Data for this exercise section start

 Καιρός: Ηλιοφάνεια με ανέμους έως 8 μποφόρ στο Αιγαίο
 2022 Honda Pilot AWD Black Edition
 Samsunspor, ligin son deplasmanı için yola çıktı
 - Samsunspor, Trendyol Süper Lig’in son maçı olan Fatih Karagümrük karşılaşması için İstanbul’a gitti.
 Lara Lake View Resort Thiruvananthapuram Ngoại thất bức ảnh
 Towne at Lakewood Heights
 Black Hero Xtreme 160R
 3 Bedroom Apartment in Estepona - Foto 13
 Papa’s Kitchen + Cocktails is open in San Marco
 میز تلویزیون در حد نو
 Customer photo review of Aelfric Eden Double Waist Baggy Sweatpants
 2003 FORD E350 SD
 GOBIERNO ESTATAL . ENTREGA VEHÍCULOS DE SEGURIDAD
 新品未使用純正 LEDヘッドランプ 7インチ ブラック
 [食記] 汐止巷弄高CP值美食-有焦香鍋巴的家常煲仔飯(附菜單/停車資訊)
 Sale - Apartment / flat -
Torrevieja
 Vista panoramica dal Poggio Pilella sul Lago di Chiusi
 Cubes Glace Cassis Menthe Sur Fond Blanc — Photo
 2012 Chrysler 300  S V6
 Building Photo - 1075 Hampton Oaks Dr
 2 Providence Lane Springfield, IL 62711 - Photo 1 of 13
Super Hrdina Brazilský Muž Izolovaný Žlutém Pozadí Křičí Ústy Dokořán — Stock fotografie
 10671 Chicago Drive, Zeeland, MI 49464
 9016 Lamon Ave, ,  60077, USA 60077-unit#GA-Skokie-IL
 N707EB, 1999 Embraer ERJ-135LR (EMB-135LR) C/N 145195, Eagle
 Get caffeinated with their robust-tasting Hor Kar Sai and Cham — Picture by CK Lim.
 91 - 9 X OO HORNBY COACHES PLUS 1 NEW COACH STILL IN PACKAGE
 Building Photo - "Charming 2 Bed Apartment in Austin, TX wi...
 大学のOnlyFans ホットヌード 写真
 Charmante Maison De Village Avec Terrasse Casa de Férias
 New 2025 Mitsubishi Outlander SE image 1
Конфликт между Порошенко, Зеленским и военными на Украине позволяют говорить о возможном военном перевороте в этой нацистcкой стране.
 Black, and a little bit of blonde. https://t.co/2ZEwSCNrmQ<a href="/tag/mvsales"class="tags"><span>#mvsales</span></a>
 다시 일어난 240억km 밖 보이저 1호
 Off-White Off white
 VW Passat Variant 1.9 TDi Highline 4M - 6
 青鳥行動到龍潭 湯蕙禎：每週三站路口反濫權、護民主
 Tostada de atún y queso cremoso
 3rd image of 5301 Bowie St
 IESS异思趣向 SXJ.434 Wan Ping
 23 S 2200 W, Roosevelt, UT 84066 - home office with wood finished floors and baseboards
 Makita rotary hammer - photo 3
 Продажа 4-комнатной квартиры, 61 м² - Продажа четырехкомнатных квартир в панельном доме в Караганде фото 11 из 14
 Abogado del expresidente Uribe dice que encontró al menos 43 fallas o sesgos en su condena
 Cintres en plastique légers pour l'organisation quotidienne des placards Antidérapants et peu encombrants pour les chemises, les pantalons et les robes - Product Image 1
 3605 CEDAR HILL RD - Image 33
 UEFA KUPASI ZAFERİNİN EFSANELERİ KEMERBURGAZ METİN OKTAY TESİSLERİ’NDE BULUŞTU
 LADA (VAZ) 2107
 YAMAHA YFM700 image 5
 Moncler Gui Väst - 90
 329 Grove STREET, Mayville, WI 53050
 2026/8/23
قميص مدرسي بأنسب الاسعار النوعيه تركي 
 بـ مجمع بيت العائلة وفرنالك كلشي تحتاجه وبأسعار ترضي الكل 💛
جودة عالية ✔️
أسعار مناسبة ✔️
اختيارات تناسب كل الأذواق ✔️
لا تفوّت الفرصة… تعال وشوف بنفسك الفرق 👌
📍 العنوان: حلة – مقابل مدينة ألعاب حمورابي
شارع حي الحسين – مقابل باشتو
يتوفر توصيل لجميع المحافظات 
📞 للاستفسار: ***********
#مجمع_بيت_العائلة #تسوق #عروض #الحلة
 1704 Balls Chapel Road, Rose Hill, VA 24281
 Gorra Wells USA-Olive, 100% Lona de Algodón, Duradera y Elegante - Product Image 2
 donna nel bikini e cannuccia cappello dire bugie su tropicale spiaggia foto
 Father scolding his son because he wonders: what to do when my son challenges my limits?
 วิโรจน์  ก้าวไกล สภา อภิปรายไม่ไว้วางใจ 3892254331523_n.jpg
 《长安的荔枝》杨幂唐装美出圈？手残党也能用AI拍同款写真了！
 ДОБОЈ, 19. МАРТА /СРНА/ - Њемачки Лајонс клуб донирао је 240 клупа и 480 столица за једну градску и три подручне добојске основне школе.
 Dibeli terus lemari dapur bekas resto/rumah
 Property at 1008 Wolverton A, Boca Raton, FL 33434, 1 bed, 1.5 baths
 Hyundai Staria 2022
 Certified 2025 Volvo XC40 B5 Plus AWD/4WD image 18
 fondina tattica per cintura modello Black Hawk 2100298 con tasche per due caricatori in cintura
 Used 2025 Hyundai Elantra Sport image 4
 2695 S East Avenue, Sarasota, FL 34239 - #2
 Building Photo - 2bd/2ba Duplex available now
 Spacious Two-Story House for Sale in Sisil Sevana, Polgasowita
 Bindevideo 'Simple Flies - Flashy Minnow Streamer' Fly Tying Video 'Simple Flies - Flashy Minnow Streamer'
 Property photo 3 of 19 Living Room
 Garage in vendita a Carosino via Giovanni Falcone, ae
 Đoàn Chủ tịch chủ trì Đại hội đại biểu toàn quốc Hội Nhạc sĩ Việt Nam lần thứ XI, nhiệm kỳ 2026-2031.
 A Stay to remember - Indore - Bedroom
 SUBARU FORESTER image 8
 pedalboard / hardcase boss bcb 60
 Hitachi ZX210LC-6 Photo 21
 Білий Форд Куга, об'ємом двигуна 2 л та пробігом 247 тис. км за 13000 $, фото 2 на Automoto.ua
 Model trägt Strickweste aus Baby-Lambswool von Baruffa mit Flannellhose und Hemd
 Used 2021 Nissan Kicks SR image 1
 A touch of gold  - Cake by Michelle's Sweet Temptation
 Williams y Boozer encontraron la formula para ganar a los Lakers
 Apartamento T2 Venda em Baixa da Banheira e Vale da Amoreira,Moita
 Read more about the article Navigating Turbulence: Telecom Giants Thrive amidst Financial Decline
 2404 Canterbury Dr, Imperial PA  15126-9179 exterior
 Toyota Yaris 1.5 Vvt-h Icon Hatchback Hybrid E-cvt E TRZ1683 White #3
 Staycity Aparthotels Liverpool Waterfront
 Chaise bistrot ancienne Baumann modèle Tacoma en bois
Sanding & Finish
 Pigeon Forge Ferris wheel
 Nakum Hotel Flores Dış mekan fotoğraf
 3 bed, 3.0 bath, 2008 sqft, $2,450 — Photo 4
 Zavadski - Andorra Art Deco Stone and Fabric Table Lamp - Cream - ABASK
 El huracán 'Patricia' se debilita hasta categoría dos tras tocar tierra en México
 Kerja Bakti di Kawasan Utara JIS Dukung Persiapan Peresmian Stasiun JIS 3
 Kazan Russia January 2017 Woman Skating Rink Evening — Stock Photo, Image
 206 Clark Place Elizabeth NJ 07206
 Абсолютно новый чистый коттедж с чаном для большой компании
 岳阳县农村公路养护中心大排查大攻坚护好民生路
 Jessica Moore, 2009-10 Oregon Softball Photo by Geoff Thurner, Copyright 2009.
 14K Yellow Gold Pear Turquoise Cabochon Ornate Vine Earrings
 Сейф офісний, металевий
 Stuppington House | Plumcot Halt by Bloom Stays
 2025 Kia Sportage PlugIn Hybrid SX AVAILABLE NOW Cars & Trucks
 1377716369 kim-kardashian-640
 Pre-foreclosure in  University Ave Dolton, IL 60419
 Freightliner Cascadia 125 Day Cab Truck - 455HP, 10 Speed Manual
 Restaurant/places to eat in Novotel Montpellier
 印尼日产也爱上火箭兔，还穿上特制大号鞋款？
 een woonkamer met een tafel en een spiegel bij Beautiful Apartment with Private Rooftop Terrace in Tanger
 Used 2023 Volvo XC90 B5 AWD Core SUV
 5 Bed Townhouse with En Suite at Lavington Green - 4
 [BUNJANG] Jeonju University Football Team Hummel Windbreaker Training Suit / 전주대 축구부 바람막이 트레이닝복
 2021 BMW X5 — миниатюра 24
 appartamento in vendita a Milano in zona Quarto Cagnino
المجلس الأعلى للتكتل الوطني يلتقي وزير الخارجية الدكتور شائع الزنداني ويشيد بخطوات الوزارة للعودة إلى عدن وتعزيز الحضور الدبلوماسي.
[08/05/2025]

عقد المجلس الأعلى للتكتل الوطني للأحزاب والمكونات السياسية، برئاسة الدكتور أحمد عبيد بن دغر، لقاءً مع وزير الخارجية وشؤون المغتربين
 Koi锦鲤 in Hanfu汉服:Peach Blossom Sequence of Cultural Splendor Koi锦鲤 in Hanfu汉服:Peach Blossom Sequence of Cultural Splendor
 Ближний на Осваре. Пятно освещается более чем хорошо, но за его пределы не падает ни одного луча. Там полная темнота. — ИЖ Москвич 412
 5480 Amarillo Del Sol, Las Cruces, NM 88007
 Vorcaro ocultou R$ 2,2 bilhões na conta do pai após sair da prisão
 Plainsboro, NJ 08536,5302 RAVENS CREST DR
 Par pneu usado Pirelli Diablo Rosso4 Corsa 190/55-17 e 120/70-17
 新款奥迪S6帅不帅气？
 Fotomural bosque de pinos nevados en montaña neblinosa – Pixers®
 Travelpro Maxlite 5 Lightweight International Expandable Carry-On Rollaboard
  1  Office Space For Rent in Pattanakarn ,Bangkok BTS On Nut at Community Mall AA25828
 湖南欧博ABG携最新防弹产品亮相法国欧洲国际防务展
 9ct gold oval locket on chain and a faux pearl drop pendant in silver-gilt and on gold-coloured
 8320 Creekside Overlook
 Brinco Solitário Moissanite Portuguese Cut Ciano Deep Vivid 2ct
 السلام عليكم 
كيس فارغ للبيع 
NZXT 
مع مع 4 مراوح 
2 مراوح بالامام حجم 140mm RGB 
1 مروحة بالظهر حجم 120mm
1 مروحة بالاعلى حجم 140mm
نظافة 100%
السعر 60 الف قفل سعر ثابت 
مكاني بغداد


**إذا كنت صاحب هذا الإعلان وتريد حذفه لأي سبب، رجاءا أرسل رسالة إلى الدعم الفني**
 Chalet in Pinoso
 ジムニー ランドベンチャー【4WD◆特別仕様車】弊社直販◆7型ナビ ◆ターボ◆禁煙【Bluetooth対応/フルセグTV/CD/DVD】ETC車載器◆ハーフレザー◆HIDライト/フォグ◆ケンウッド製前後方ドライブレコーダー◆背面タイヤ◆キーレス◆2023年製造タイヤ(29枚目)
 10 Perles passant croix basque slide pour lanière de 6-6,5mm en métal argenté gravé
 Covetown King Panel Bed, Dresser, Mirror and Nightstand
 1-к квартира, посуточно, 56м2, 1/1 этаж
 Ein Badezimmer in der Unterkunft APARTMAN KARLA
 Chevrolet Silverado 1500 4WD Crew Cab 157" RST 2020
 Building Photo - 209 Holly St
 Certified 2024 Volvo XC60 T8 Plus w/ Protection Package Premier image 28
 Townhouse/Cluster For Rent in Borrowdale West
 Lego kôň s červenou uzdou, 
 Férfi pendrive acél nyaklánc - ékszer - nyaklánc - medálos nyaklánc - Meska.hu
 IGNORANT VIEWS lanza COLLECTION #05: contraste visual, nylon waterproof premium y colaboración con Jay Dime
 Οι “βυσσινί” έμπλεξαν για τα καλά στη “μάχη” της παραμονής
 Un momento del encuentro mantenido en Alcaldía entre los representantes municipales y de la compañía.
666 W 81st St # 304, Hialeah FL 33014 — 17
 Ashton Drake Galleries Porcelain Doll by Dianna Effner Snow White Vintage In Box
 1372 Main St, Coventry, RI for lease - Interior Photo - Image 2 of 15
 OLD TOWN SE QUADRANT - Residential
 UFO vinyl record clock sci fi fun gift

Data for this exercise section end

Exercise details:
Please copy the lines above from the line with "Plainsboro, NJ 08536,5302 RAVENS CREST DR" up to and including the line with "مع مع 4 مراوح", exactly as written and with nothing else.

Answer space:
 Plainsboro, NJ 08536,5302 RAVENS CREST DR
 Par pneu usado Pirelli Diablo Rosso4 Corsa 190/55-17 e 120/70-17
 新款奥迪S6帅不帅气？
 Fotomural bosque de pinos nevados en montaña neblinosa – Pixers®
 Travelpro Maxlite 5 Lightweight International Expandable Carry-On Rollaboard
  1  Office Space For Rent in Pattanakarn ,Bangkok BTS On Nut at Community Mall AA25828
 湖南欧博ABG携最新防弹产品亮相法国欧洲国际防务展
 9ct gold oval locket on chain and a faux pearl drop pendant in silver-gilt and on gold-coloured
 8320 Creekside Overlook
 Brinco Solitário Moissanite Portuguese Cut Ciano Deep Vivid 2ct
 السلام عليكم 
كيس فارغ للبيع 
NZXT 
مع مع 4 مراوح 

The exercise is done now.